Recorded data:
========

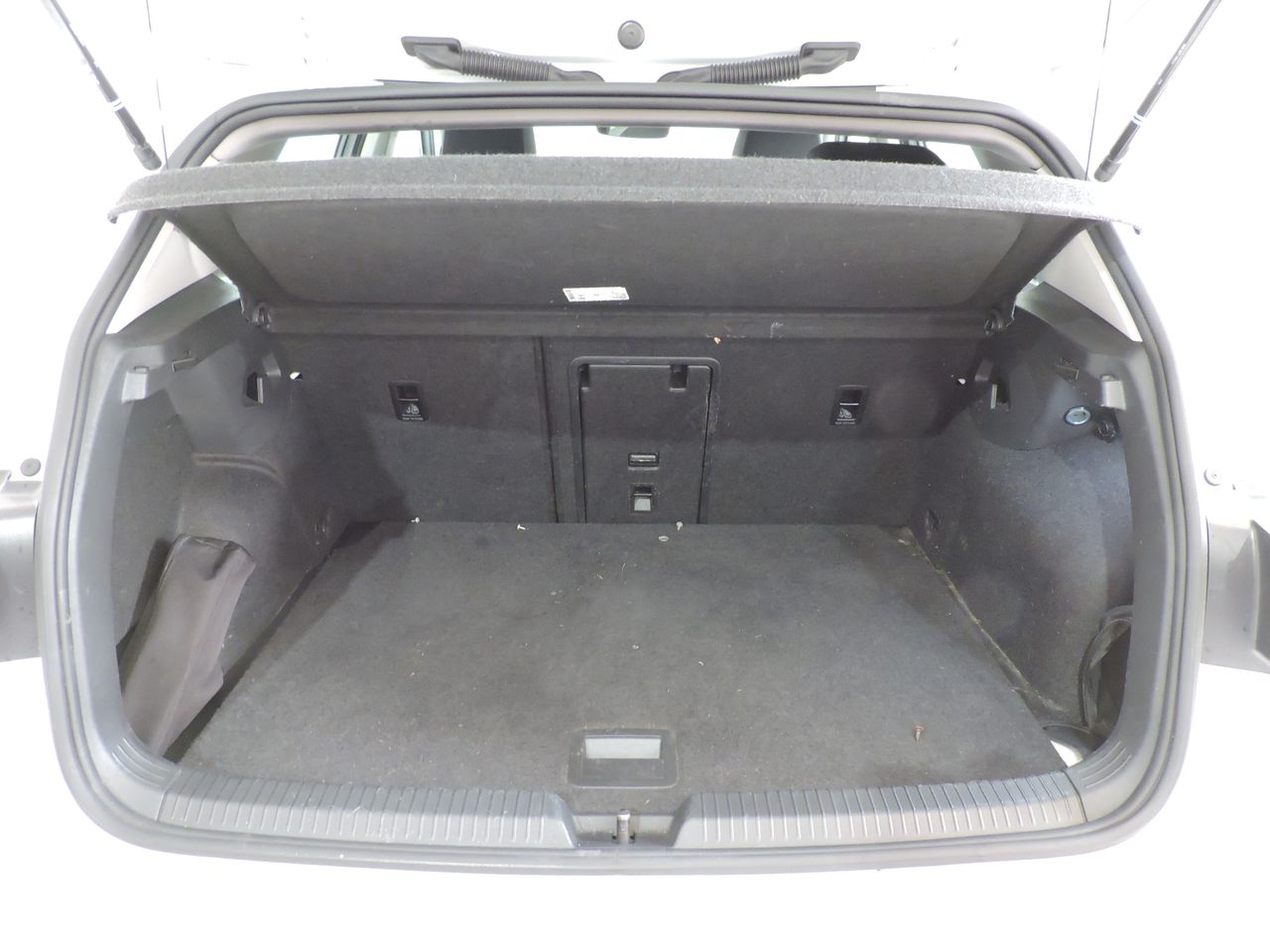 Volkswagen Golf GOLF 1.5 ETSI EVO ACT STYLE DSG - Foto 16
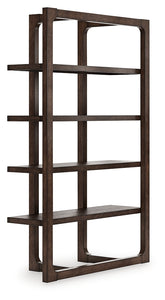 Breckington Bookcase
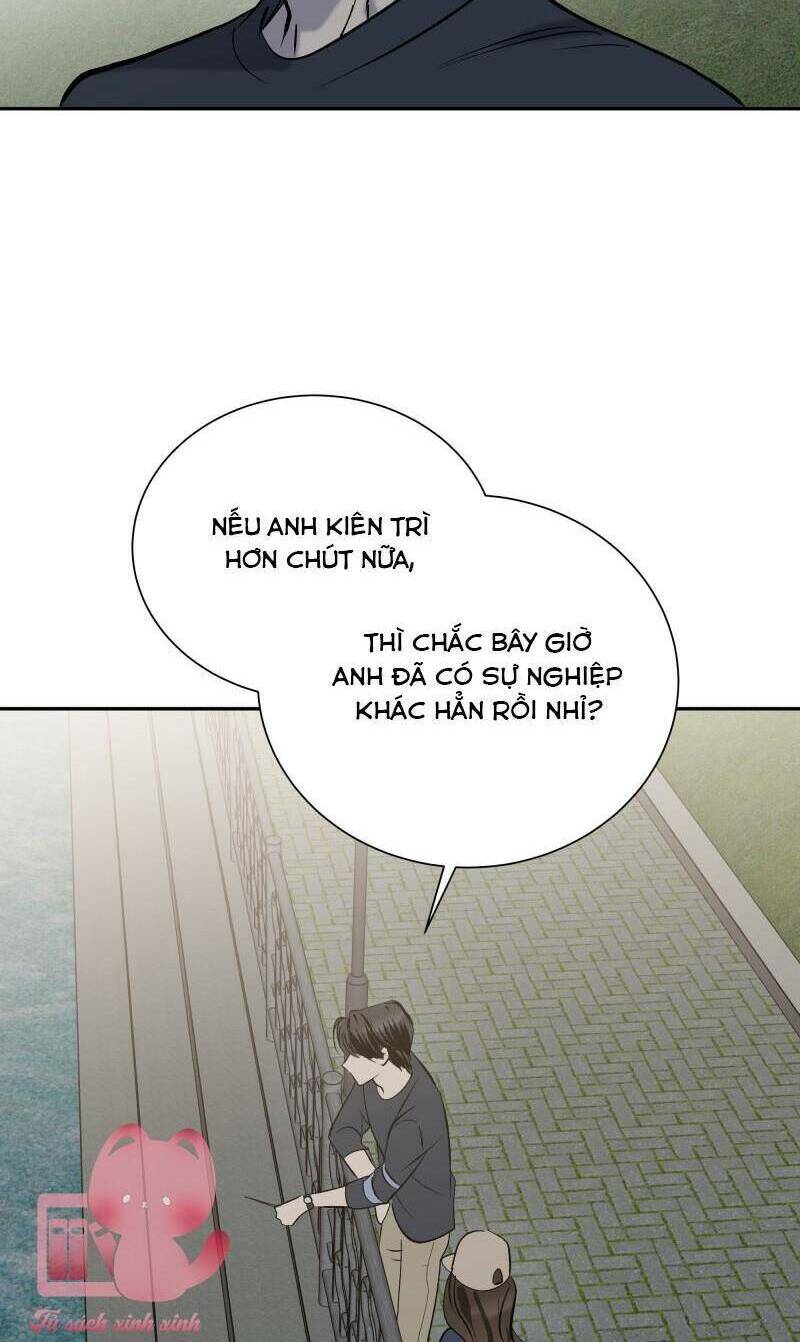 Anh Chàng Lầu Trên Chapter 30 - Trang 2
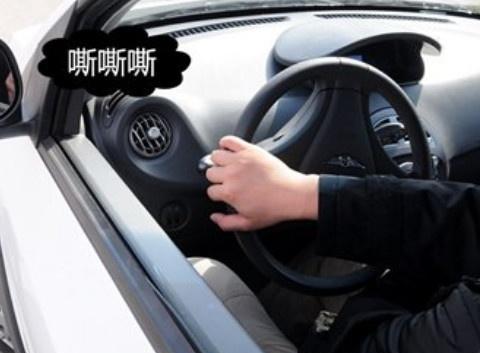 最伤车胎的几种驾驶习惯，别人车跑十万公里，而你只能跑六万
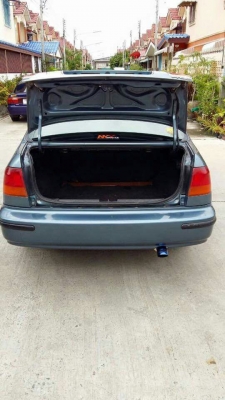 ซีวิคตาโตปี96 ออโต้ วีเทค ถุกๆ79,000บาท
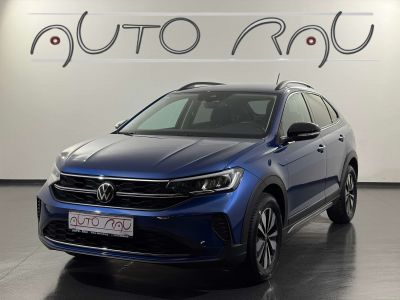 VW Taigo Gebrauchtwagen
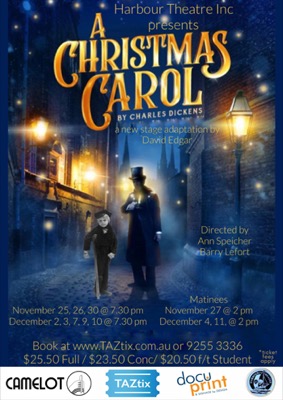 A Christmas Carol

========

§ **REQUIRED ACTION**
Leave out the pictures, and write out exactly the lines from the line containing "最伤车胎的几种驾驶习惯，别人车跑十万公里，而你只能跑六万" through the end of the records above.

§ **RESPONSE BOX**
 最伤车胎的几种驾驶习惯，别人车跑十万公里，而你只能跑六万
 ซีวิคตาโตปี96 ออโต้ วีเทค ถุกๆ79,000บาท
 VW Taigo Gebrauchtwagen
 A Christmas Carol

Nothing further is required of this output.